The official code of SAN (ICDAR 2023)
- Using the dependencies
pip install -r requirements.txt
Test datasets can be downloaded from Datasets BaiduNetDisk (passwd: 7zmh).
Move these files to : SAN/data/
Get the model training result from Model Result BaiduNetDisk (passwd: 69th).
Move these files to : SAN/workdir/
- Pre-train vision model
CUDA_VISIBLE_DEVICES=0,1,2,3 python main.py --config=configs/pretrain_vision_model.yaml
- Pre-train language model
CUDA_VISIBLE_DEVICES=0,1,2,3 python main.py --config=configs/pretrain_language_model.yaml
- Train ABINet
CUDA_VISIBLE_DEVICES=0,1,2,3 python main.py --config=configs/train_abinet.yaml
The code I provided can be directly trained or tested on the Web dataset
. If you would like to train or test it on the Scene dataset
, you need to modify the 'max_radical_length' parameter in the code.

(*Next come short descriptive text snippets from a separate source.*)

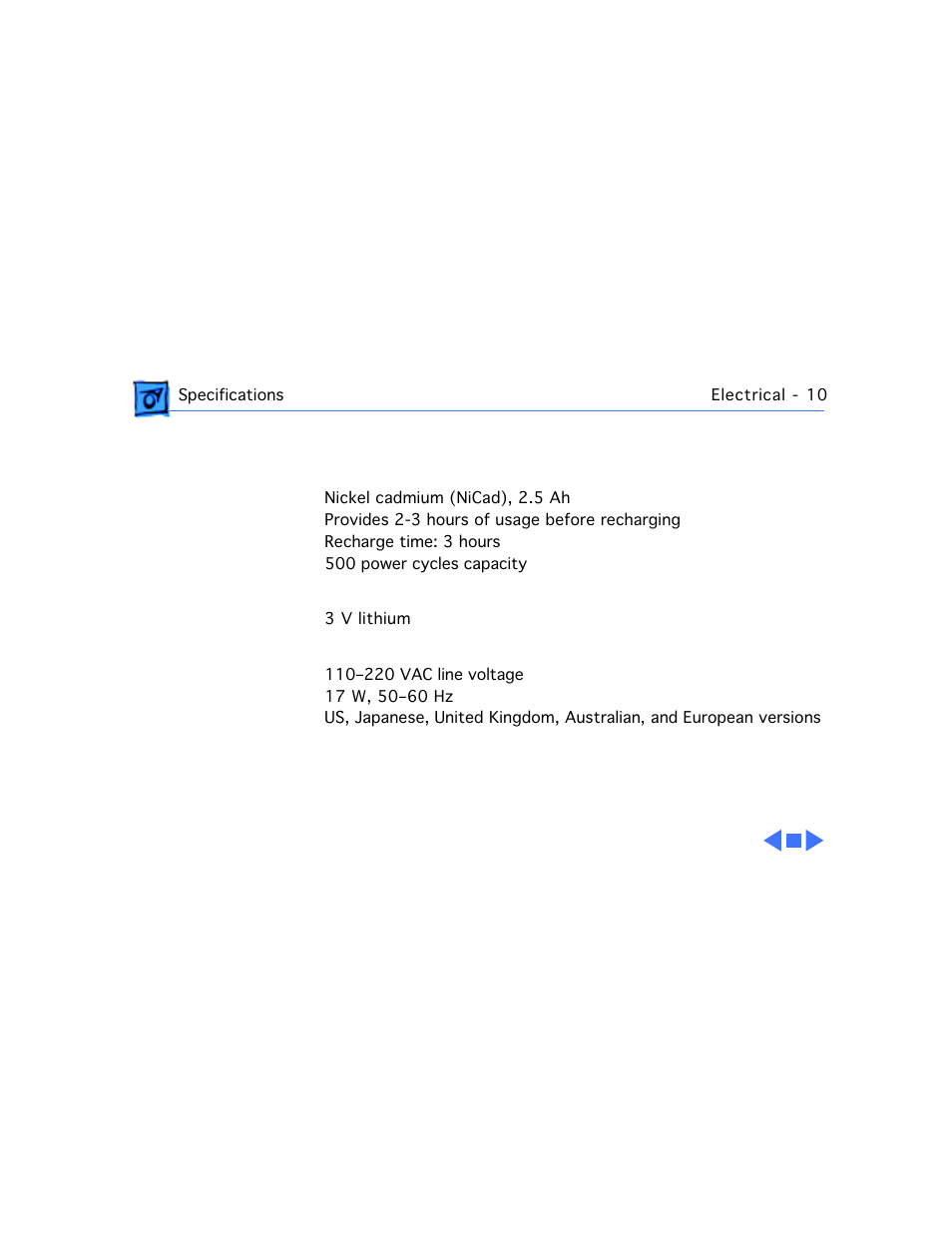 Electrical | Apple PowerBook 165 User Manual | Page 19 / 149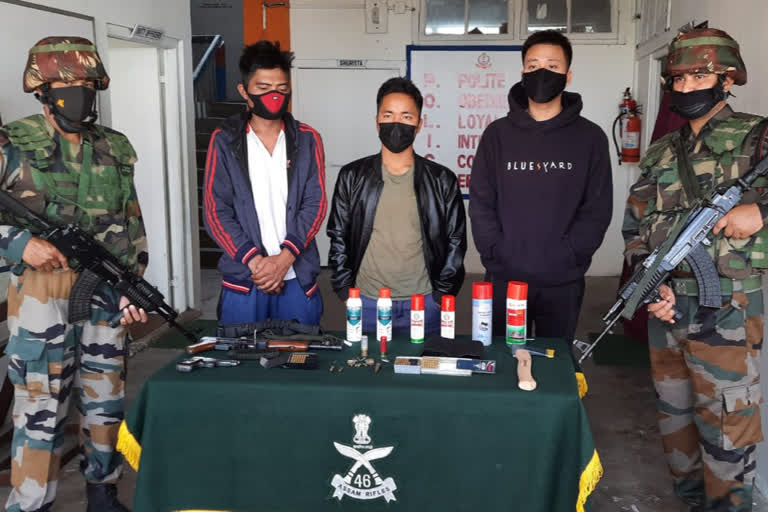 mizoram police and aizawl battalion of assam rifles recovered automatic weapons in khatla locality of aizawl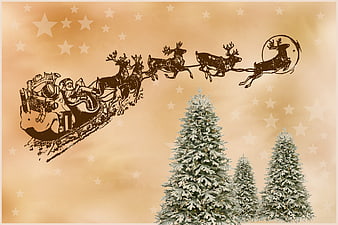 Vintage Santa Claus Sleigh and Reindeer with Christmas Trees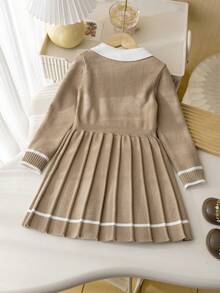 Elladie kids 少女海军蓝毛衣裙，全新秋冬系列，学院风，公主风，海军蓝和白色撞色，适合各种场合：居家、外出、上学 - 駝色 - 查看 2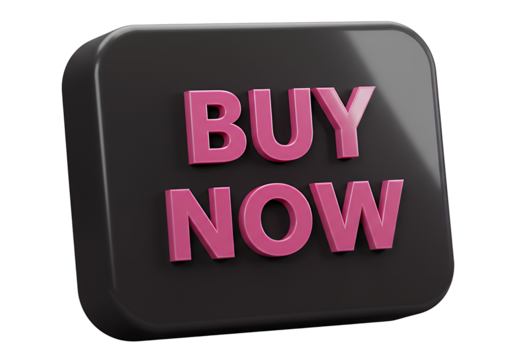 Black rectangular 'BUY NOW' button with bold pink text for e-commerce websites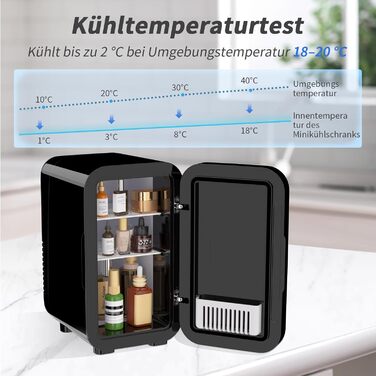 YASHE Mini Fridge - 6 Liter / 8 Can Portable Cooler - 220-240V AC/DC - Black - For Bedroom, Skincare, Drinks, Office, Dorm & Car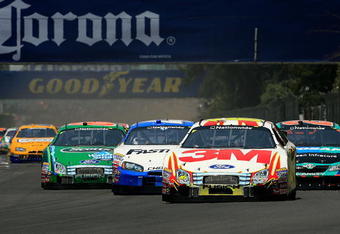 MEXICO CITY, MEXICO - APRIL 20: Colin Braun, driver of the #16 3M Ford leads the field into turn one at the start of the NASCAR Nationwide Series Corona Mexico 200 at Autodromo Hermanos Rodriguez on April 20, 2008 in Mexico City, Mexico. (Photo by Jason Smith/Getty Images for NASCAR)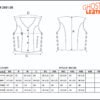 Leather Vest - Women's - USA Flag Liner - Side Laces - 6890.USA-UN Size Chart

Specifically, please make changes in the following two parts of the code:
-
SAN/configs/template.yaml line 22:
max_length_radical: 33 -> max_length_radical: 39
-
SAN/dataset.py line 221:
max_length:int=33 -> max_length:int=39
-
SAN/losses.py line 24:
self.max_length_radical = 33 -> self.max_length_radical = 39
Web datatet:
Radical length : 33
- ABINet-TreeSim(SAN):
CUDA_VISIBLE_DEVICES=0,1,2,3 python main.py --config=configs/train_abinet.yaml --phase test --checkpoint=workdir/SAN-web-final/best-train-abinet.pth --test_root=data/web/web_val/ --model_eval=alignment --image_only
- VM-TreeSim:
CUDA_VISIBLE_DEVICES=0,1,2,3 python main.py --config=configs/pretrain_vision_model.yaml --phase test --checkpoint=workdir/VisionTreeSim-web-final/best-pretrain-vision-model.pth --test_root=data/web/web_val/ --model_eval=vision --image_only
Scene dataset:
Radical length : 39
- ABINet-TreeSim(SAN):
CUDA_VISIBLE_DEVICES=0,1,2,3 python main.py --config=configs/train_abinet.yaml --phase test --checkpoint=workdir/SAN-scene-final/best-train-abinet.pth --test_root=data/scene/scene_val/ --model_eval=alignment --image_only
- VM-TreeSim:
CUDA_VISIBLE_DEVICES=0,1,2,3 python main.py --config=configs/pretrain_vision_model.yaml --phase test --checkpoint=workdir/VisionTreeSim-scene-final/best-pretrain-vision-model.pth --test_root=data/scene/scene_val/ --model_eval=vision --image_only
If you find our method useful for your reserach, please cite
@inproceedings{Zhang2023SANSN,
title={SAN: Structure-Aware Network for Complex and Long-Tailed Chinese Text Recognition},
author={Junyi Zhang and Chang Liu and Chun Yang},
booktitle={IEEE International Conference on Document Analysis and Recognition},
year={2023},
url={https://api.semanticscholar.org/CorpusID:261102024}
}